Forum: Provocative questions for analytics to answer

March/April 2014

Gary CokinsBy Gary Cokins

Consider what young people are learning in school today. They are taught mean, mode, range and probability theory in their freshman university statistics course. Today’s children have already learned some of this math in the third grade! They are taught these methods in a very practical way. If you have x dimes, y quarters and z nickels in your pocket, what is the chance of you pulling a dime from your pocket? Learning about range, mode, median, interpolation and extrapolation follow in short succession.

We are already seeing the impact of this learning with Gen Y/Echo boomers who are getting ready to enter the work force. They are accustomed to having easy access to information and are highly self-sufficient in understanding its utility. The next generation after them will not have any fear of analytics or looking toward an “expert” to do the math.

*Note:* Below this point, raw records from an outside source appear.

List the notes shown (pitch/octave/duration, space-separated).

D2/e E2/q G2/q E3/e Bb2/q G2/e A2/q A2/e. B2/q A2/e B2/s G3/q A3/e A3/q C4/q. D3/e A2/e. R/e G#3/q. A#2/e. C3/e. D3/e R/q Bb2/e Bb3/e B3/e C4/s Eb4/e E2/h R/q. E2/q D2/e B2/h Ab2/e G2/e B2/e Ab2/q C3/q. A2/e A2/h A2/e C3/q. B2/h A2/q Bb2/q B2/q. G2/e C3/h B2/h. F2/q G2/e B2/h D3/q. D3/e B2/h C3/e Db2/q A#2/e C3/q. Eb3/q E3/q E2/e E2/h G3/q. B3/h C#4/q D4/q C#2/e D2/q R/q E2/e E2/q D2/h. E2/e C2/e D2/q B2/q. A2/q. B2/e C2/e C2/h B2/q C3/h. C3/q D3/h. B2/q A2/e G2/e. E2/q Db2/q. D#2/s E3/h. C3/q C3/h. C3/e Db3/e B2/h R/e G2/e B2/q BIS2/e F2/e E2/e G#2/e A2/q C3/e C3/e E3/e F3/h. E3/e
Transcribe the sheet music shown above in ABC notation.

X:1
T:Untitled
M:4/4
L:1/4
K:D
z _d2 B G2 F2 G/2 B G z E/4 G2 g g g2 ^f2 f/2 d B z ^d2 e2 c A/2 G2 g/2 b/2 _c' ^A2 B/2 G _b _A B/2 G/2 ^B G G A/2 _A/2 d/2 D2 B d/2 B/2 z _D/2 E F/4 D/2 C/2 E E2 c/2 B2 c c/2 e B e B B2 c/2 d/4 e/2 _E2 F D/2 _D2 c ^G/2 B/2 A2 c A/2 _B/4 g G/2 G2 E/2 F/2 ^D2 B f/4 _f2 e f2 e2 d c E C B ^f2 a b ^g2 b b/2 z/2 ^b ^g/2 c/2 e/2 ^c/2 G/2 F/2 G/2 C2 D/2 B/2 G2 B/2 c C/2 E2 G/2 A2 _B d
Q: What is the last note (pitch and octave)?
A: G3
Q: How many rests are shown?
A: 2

Given that these analytical capabilities are becoming commonplace, there is a broad range of problems and opportunities that can be addressed that were unimaginable to be tackled only a few years ago.

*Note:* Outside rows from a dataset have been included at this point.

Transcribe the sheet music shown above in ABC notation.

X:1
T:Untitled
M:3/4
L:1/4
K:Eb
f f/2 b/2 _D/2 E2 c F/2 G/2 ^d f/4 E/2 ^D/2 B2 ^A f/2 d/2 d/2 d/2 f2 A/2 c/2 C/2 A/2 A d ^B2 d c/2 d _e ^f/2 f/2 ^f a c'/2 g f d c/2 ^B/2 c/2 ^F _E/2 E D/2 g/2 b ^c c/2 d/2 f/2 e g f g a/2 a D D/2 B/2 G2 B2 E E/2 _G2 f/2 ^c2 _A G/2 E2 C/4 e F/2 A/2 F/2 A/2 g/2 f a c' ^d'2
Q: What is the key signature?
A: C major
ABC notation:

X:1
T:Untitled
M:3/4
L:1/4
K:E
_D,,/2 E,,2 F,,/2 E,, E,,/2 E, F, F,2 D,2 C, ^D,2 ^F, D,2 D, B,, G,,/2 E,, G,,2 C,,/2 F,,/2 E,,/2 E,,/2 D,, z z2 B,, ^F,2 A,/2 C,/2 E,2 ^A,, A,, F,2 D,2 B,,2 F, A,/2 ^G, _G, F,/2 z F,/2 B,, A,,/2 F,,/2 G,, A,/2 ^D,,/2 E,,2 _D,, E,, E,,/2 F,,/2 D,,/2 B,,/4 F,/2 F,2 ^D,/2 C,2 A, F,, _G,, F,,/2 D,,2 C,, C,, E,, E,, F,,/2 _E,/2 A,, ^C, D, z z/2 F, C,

I am interested when the questions listed below might be routinely answered with business analytics, big data, and enterprise and corporate performance management (EPM/CPM) software:

• Why can’t traffic intersection stoplights be more variable based on street sensors that monitor the presence, location and speed of approaching vehicles? Then you would not have to impatiently wait at a red light when there is no cross-traffic.

• Why can’t a call center route your inbound phone call to a more specialized call center representative based on your phone number and your previous call topics or transactions? And once connected, why can’t that call rep offer you rule-based offers, deals or suggestions most likely to maximize your customer experience? Then you might get a quicker and better solution to your call.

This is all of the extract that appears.